_WHAT YOU HAVE TO DO_. After locating the line with "38063 Fawn Road NE, Hansville, WA 98340", repeat it and every following line to the end of the listing, exactly. Omit the pictures.

Top of RECORDED DATA

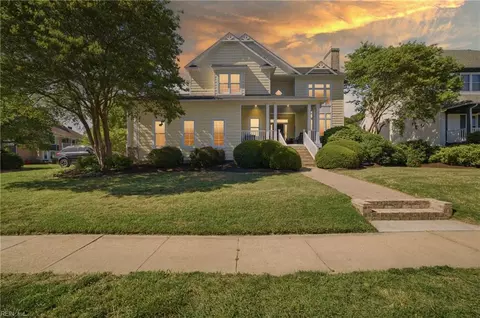 612 Croatan Hills Ct, Virginia Beach, VA 23451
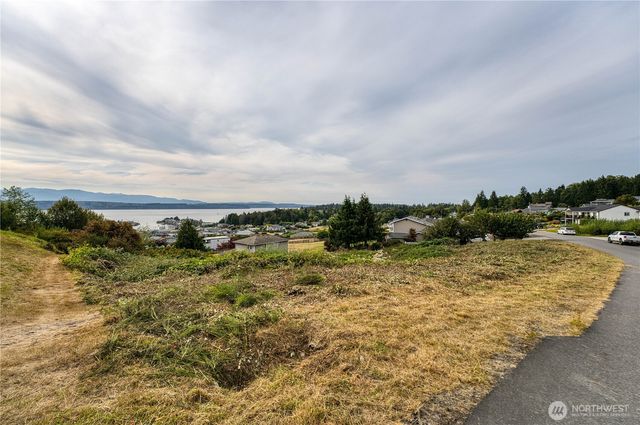 38063 Fawn Road NE, Hansville, WA 98340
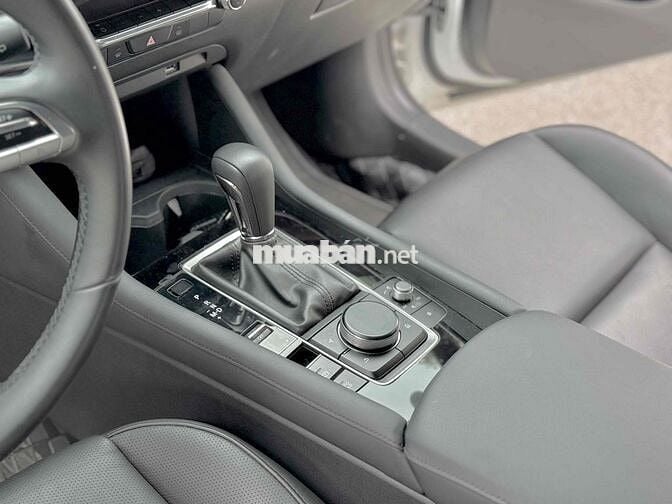 Mazda Mazda 3 Sport Luxury 2024 36000 km Trắng
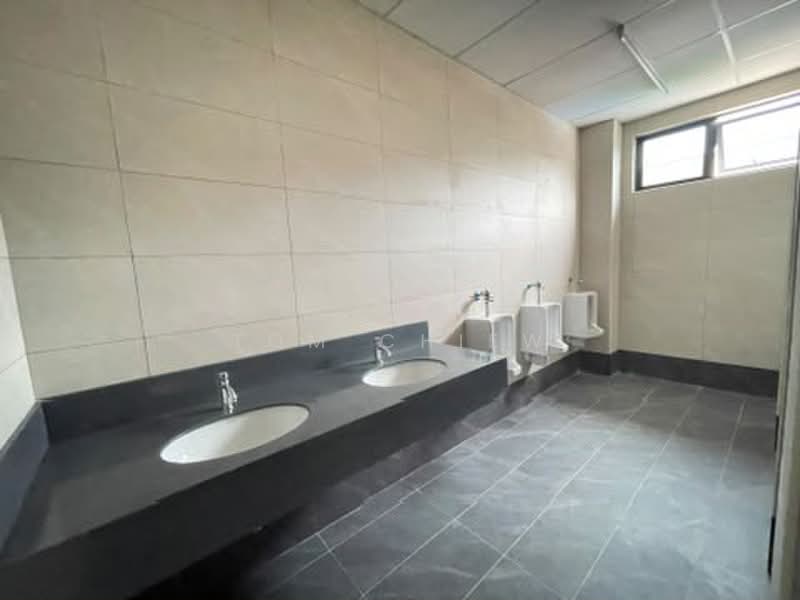 Detached Factory for Rent in Kawasan Perindustrian SILC (Iskandar Puteri (Nusajaya)) - Tom Chiew - Bathroom - PropertyGuru.com.my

Bottom of RECORDED DATA

_FINISHED EXERCISE_.
 38063 Fawn Road NE, Hansville, WA 98340
 Mazda Mazda 3 Sport Luxury 2024 36000 km Trắng
 Detached Factory for Rent in Kawasan Perindustrian SILC (Iskandar Puteri (Nusajaya)) - Tom Chiew - Bathroom - PropertyGuru.com.my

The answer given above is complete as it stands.